• Task details:
The result should be a full, exact repeat of the entries, free of pictures.

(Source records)

·····

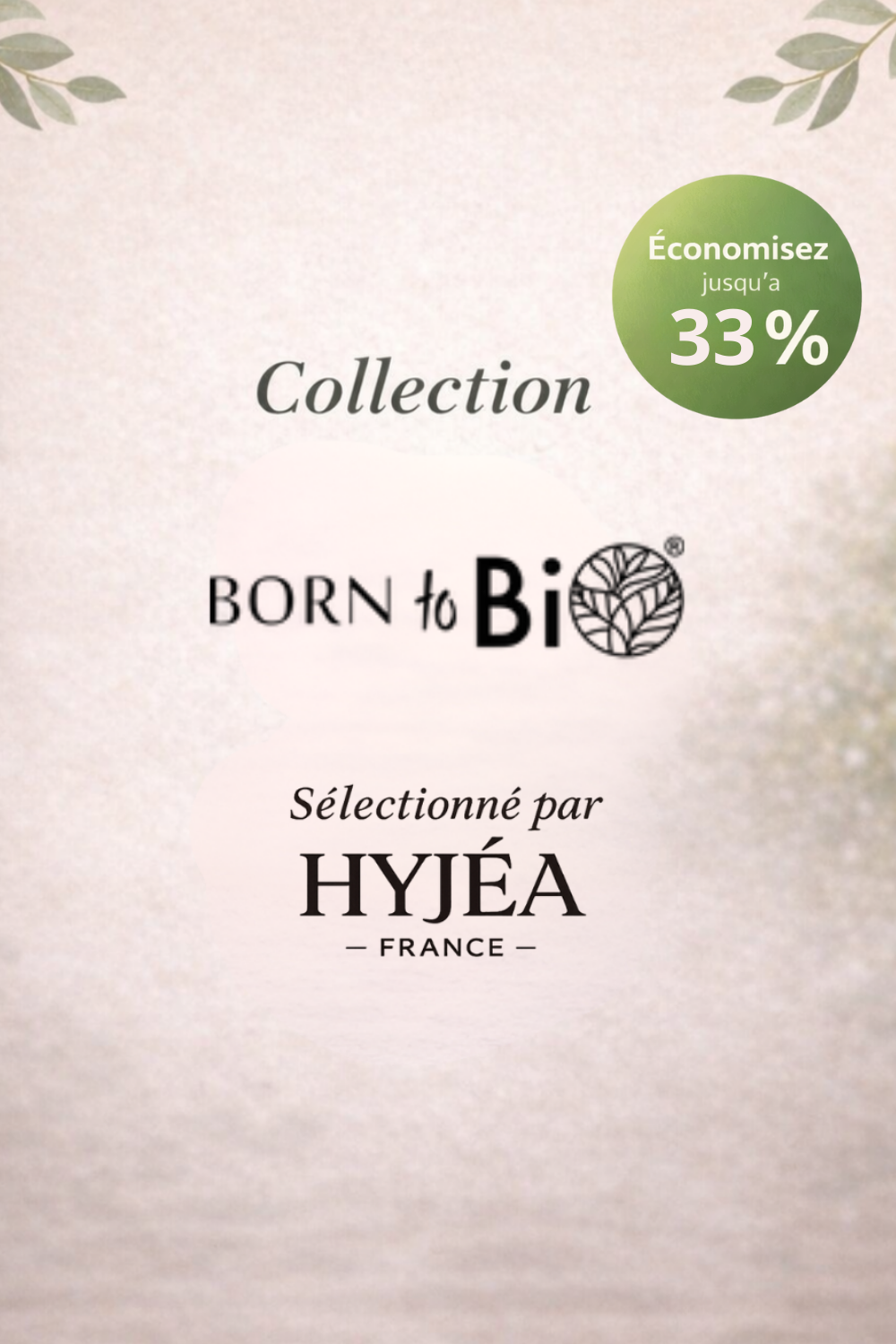 Born To BIO FRANCE - HYJÉA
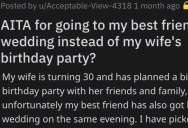 Man Asks if He’s a Jerk for Going to His Best Friend’s Wedding Instead of His Wife’s Birthday Party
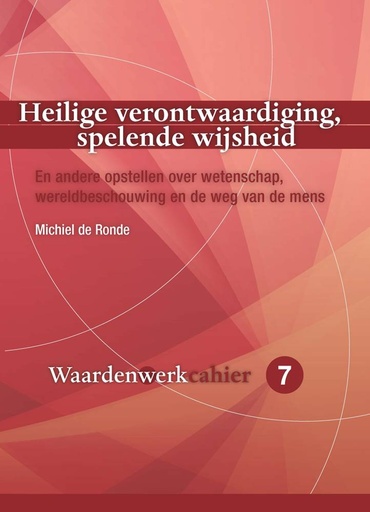 [9789085602705] Heilige verontwaardiging, spelende wijsheid / Druk 1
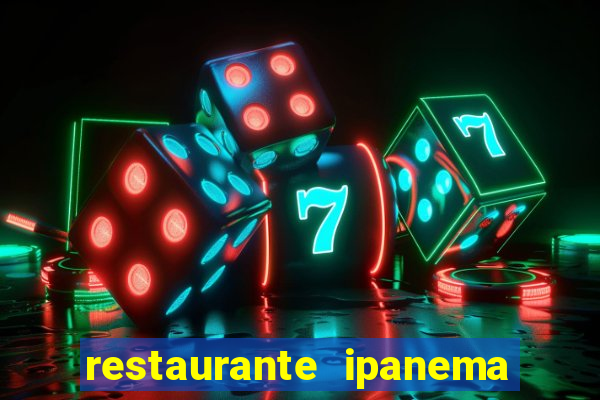 restaurante ipanema porto alegre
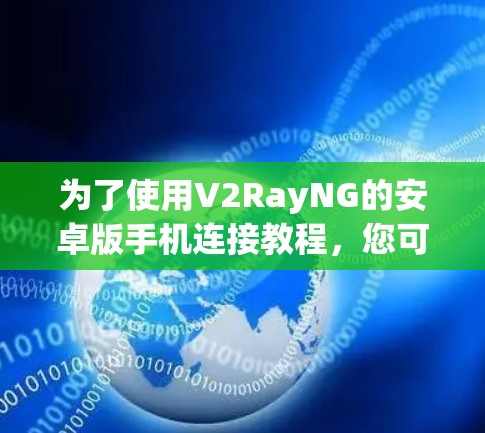 为了使用V2RayNG的安卓版手机连接教程，您可以按照以下步骤进行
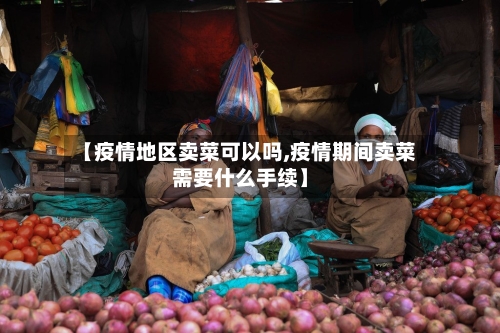 【疫情地区卖菜可以吗,疫情期间卖菜需要什么手续】-第2张图片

·····

• Answer to this problem:
 Born To BIO FRANCE - HYJÉA
 Man Asks if He’s a Jerk for Going to His Best Friend’s Wedding Instead of His Wife’s Birthday Party
 [9789085602705] Heilige verontwaardiging, spelende wijsheid / Druk 1
 restaurante ipanema porto alegre
 为了使用V2RayNG的安卓版手机连接教程，您可以按照以下步骤进行
 【疫情地区卖菜可以吗,疫情期间卖菜需要什么手续】-第2张图片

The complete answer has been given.